Imagine standing in line at the bank. Based on the number of customers ahead of you, you roughly calculate the time it will take until your turn to be served. You use your estimated free time to:
b) Contemplate remaining tasks on personal to-do list
c) Lament the financial industry as a whole while devising a complex scheme of burying cash reserves in corrosion-proof coffee cans in your backyard
The answer is likely d) None of the Above. If you are like me, you’ll grab your phone to check Facebook, Twitter, email and review any new viral cat-related videos on YouTube you may have missed since this morning.
Advances in technology continue to reduce our time in a state of boredom. Our phones provide instant access to information and entertainment on demand. While the idea of streaming realtime data is relatively fresh, human’s desire to demand more of what we want, when we want it is certainly not a new concept.
Man harnessed fire to be warm on demand instead of patiently waiting for the Ice Age to end.
We created the telescope for on demand access to the stars. (Not to be confused with “Access Hollywood” or “Entertainment Tonight” — both notable creations in their own right.)
The Internet was invented so my mother-in-law can efficiently collect computer viruses I’ll need to extinguish later — on demand.
3-D printing has given us the ability to create an almost limitless inventory of physical objects, on our demand (medical devices, car parts, tools, prototypes).

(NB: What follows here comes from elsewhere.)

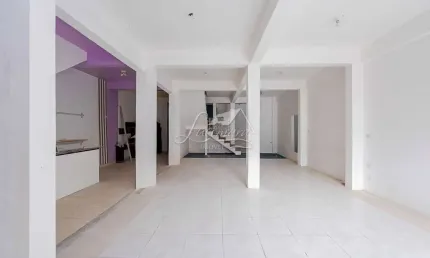 Prédio para alugar na Rua São José dos Pinhais, 1670, Sítio Cercado, Curitiba, 240 m2 por R$ 8.980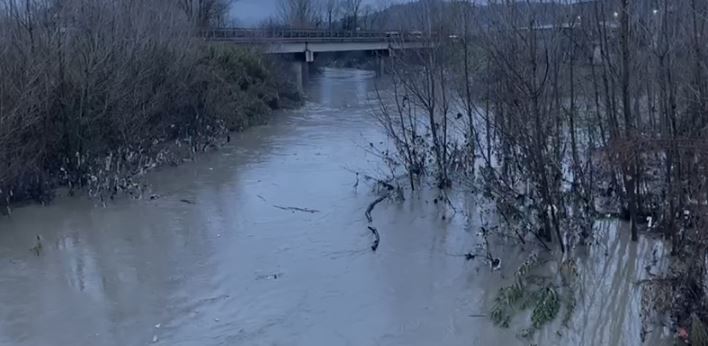 Ulet niveli i lumit Ishëm, uji tërhiqet nga zonat e përmbytura 3 elbasan 1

We can print a 3-D lime green plastic likeness of my left pinky toe, 31/32nd size, simply because we DEMAND to do so. (Because why wouldn’t you?)
Technological advancements like these have provided humanity with comfort and convenience. However, as we continue DEMANDING instant fulfillment of our own needs, wants and whims, do we eventually hit a point of diminishing returns? We now have the ability to fill every free moment of every day as a consumer of information and entertainment. Free time is so scarce, it’s almost a mythical concept — like mermaids and bipartisan health-care reform. Spending that time productively is more challenging than ever. Just because we can do something, doesn’t mean we should. I can dance at weddings and mow my lawn shirtless, but that doesn’t mean those are good ideas.
Speaking of crimes against humanity, what if the brilliant minds of yesterday had access to the same time sucks we have today? Maybe Beethoven would have stopped at Symphony No.4 if he had a Netflix account. He would have really enjoyed that closed captioning feature. Imagine Benjamin Franklin posting selfies of his new bifocal lenses on social media instead of spending his time discovering electricity. (I realize that doesn’t make sense as social media technically requires electricity. Just go with it.) J.R.R. Tolkien spent 16 years writing the Lord of the Rings trilogy — roughly the same amount of digital programming currently stored on my DVR. That guy had no room for extra distractions.
These pioneers spent their time giving to the world instead of taking from it. Creating instead of consuming. Today we have the same opportunities to produce, but also have unprecedented temptation to exist in a perpetual state of consumption. The more time we spend consuming, the less time we have to create. Try as we might, we can’t stream inspiration. We can’t download innovation. The really good ideas come in moments of quiet. Perhaps even in — Heaven forbid — moments of boredom.
So next time you are waiting in line, put the phone away and just let your mind wander. Maybe you’ll come up with humanity’s next great idea.
Footnote: It only took me three months to write this column. Eat your heart out Tolkien! I would have finished sooner, but I was wasting time watching cat videos and looking up useless information on the Internet, like, “How long did it take Tolkien to write the Lord of the Rings trilogy?”